Please write out the listing exactly, leaving each picture out.

▶ Dataset excerpt:
—————

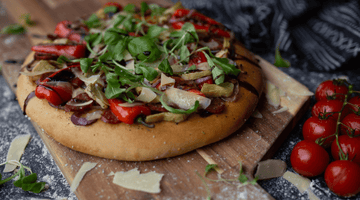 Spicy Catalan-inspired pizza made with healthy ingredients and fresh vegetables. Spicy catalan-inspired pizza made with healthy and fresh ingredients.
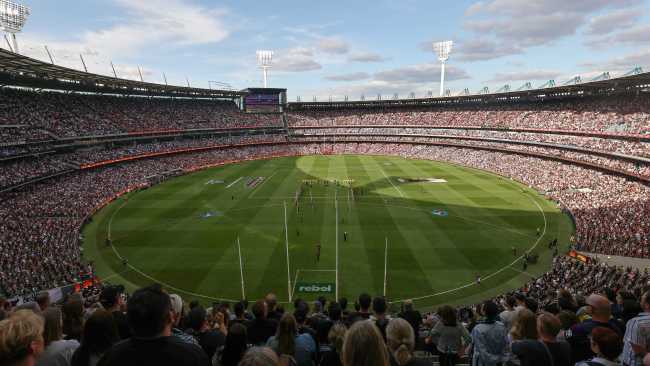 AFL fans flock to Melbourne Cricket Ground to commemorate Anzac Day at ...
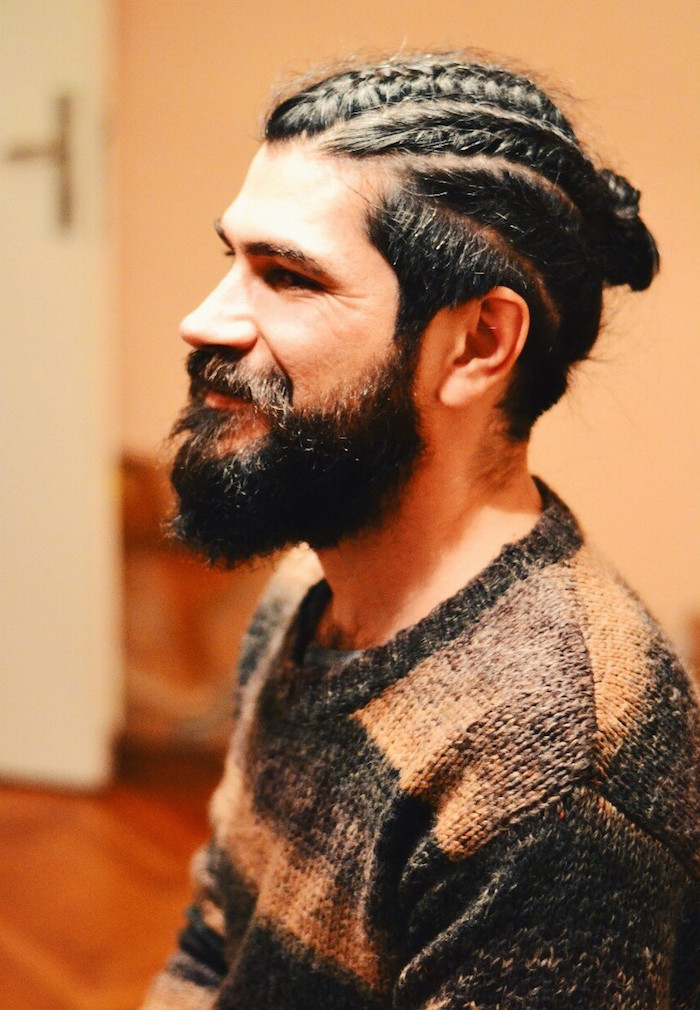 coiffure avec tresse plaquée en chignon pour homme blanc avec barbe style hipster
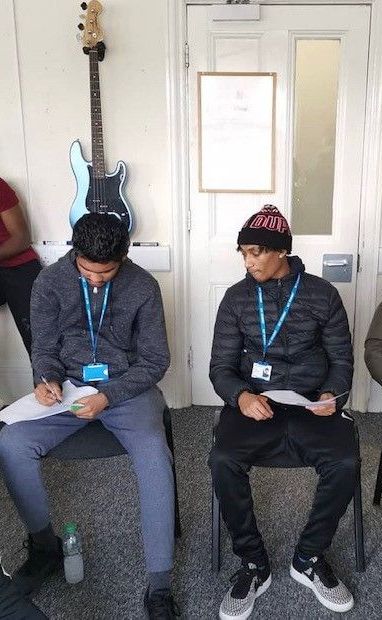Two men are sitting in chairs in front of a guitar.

—————

▶ Answer box:
 Spicy Catalan-inspired pizza made with healthy ingredients and fresh vegetables. Spicy catalan-inspired pizza made with healthy and fresh ingredients.
 AFL fans flock to Melbourne Cricket Ground to commemorate Anzac Day at ...
 coiffure avec tresse plaquée en chignon pour homme blanc avec barbe style hipster
Two men are sitting in chairs in front of a guitar.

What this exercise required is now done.